Maybe: You want something more?
So, you’re now convinced that type safety is far better from these null
things to avoid insidious bugs. If you’re not, read the previous article again. So, we have a nice type to avoid nullity, but how do we use it? When we want to access them, update them, compose them, is it more or less convenient than using null
?I could say that category theory answers this question. It does, but I guess you came here because you wanted proof.
Make everything optional
Back to our person data again. Suppose that finally the age of a person is now optional. But unfortunately we are still going to deal with it when it’s available. Yes, as usual dealing with non-mandatory elements sucks. So here are our starting point in Java:
public class Person {
private final String firstname;
private final String lastname;
private final Integer age;
private final Person father;
public Person(String myFirstname,
String myLastname,
Integer myAge,
Person myFather) {
this.firstname = myFirstname;
this.lastname = myLastname;
this.age = myAge;
this.father = myFather;
}
/* Feed it with any expected extra-methods */
}
and in Haskell:
data Person = Person { firstname :: String
, lastname :: String
, age :: Maybe Int
, father :: Maybe Person
}
And you know these data mining guys with their odd queries? Here they are! You were asked to dig for a person’s father’s age. Of course, you can only provide this information if the person’s age, father and the father’s age are available. In any other case, you won’t be able to provide a better result than null
or Nothing
depending whether you use a poorly designed language or a cool one.
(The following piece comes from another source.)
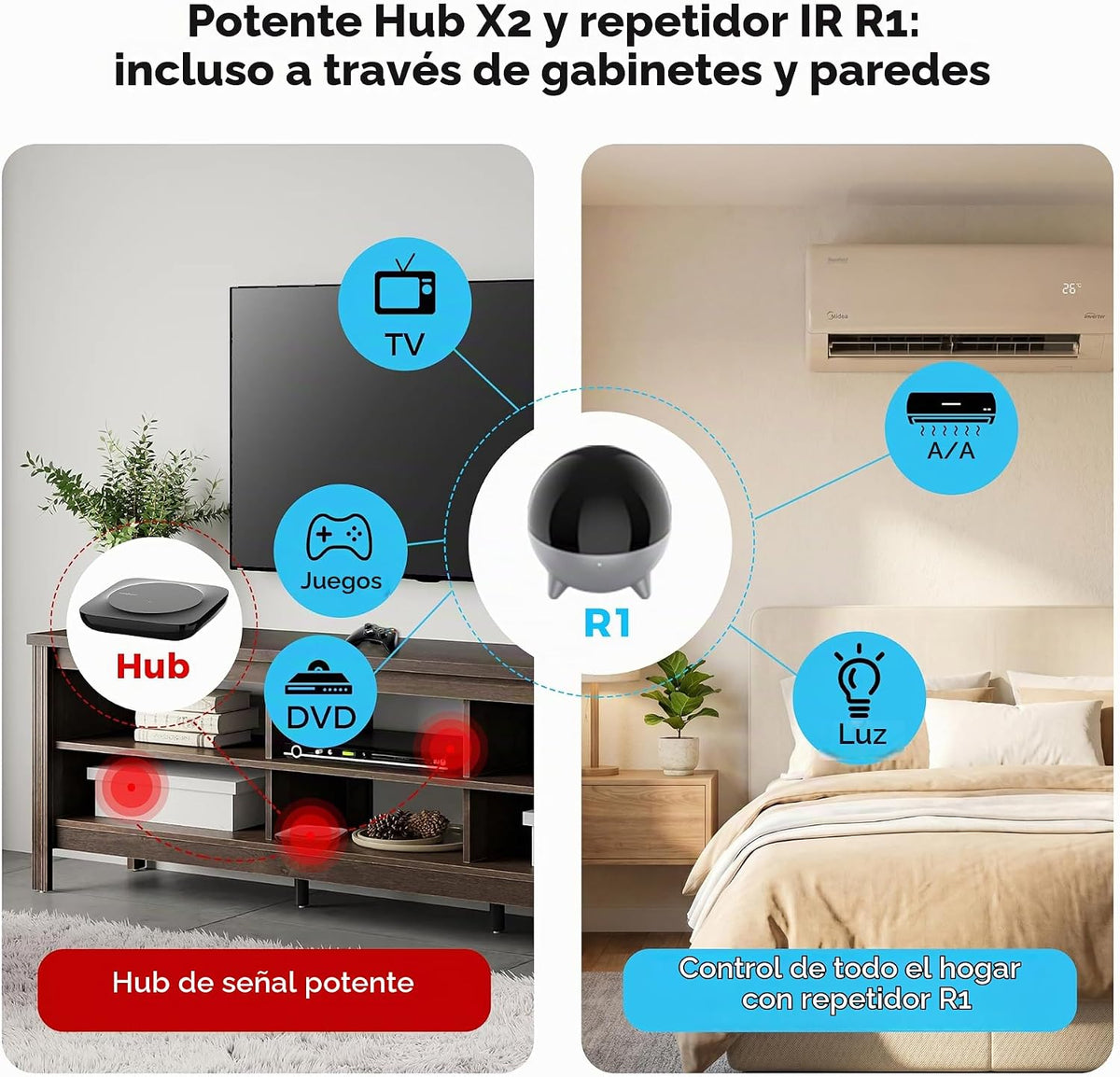 SofaBaton Control remoto universal X2 con concentrador, base de carga y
Running out of the null hell
There are so many optional values that we have a hard time with them, for example, here is the Java version:
public class FamilyQuery {
public static Integer fathersAgeAtBirth(Person p) {
Integer currentAge = p.getAge();
if (currentAge == null)
return null;
Person father = p.getFather();
if (father == null)
return null;
Integer fathersAge = father.getAge();
if (fathersAge == null)
return null;
else
return fathersAge - currentAge;
}
}
Hopefully, multiple returns make things a bit easier. Without them, you would have to used an ugly nested-if structure. The main issue with this piece of code is that you have to interrupt your navigation to check for nullity, and then continue with it. Well you know, criticism is easy, can we do better? You can judge it by yourself, here is the Haskell version:
fathersAgeAtBirth :: Person -> Maybe Int
fathersAgeAtBirth p =
do
currentAge <- age p
pFather <- father p
fathersAge <- age pFather
return $ subtract fathersAge currentAge
The do
notation is a way to dive into the content of Maybe
s. Each time you use the left arrow, you try to extract the content from right side into the left side variable. If it isn’t possible you stop and return Nothing
. You don’t have to worry anymore whether a field is defined or not, Maybe
has the power to deal with it.
Haskell bonus point
For operator lovers (idiomatic Haskell)
I must confess. The above version is a light, sugar free Haskell solution. Actually, dealing with value enclosed in a structure (here, the Maybe
structure) is done many time in a program. Thus, we have some special functions to do it more efficiently. It can lead to the following code.
fathersAgeAtBirth :: Person -> Maybe Int
fathersAgeAtBirth p =
subtract <$> fathersAge <*> currentAge
where
fathersAge = father p >>= age
currentAge = age p
Yes, most of the time, it is where we lost most of the imperative programmers, especially those who prefer verbose code with clear, literal function names. Indeed, perl lovers shouldn’t be concerned. I don’t have the willpower to explain it for now, because I would need to introduce many new functions and concepts to do it right. Just look how the first line of the function subtract <$> fathersAge <*> currentAge
looks like what we expect to code if we just have to manipulate integers. It’s a central idea in functional programming: add a concept thanks to an adequate data structure and provide function to make the introduction of this concept as little intrusive as possible.
Back to pattern matching
Remember the first post on pattern matching? We can inpsect a complex data structure with it. Here, we need to check that:
- the age of the person is defined;
- the father is defined;
- the father’s age is defined.
In any other case, we won’t be able to produce another result than Nothing
. Here is the result:
fathersAgeAtBirth :: Person -> Maybe Int
fathersAgeAtBirth (Person _
_
Just(currentAge)
(Person _ _ Just(fathersAge) _) =
Just (fathersAge - currentAge)
fathersAgeAtBirth _ = Nothing
This kind of pattern matching is a bit too complex to be considered as idiomatic, but it’s another illustration of how powerful it can be.